Supplied material:
• • • •

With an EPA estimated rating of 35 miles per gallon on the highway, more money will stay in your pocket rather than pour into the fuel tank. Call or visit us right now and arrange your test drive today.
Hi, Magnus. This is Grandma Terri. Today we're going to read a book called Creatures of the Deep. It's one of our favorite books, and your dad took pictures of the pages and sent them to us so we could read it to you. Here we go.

• • • •

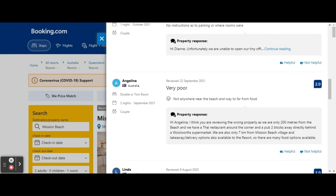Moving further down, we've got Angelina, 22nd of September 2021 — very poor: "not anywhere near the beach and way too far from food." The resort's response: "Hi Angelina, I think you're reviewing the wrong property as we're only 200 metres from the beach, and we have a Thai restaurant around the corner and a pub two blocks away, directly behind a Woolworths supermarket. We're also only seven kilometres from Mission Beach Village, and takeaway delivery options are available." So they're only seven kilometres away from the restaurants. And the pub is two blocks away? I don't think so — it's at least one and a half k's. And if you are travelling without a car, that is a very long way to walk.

• • • •

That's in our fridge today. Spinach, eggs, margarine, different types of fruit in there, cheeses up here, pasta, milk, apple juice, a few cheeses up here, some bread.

• • • •

What to produce:
Please reproduce, exactly as they appear above, the lines from the line containing "With an EPA" up to and including the line containing "Hi, Magnus. This".

Response to the task:
With an EPA estimated rating of 35 miles per gallon on the highway, more money will stay in your pocket rather than pour into the fuel tank. Call or visit us right now and arrange your test drive today.
Hi, Magnus. This is Grandma Terri. Today we're going to read a book called Creatures of the Deep. It's one of our favorite books, and your dad took pictures of the pages and sent them to us so we could read it to you. Here we go.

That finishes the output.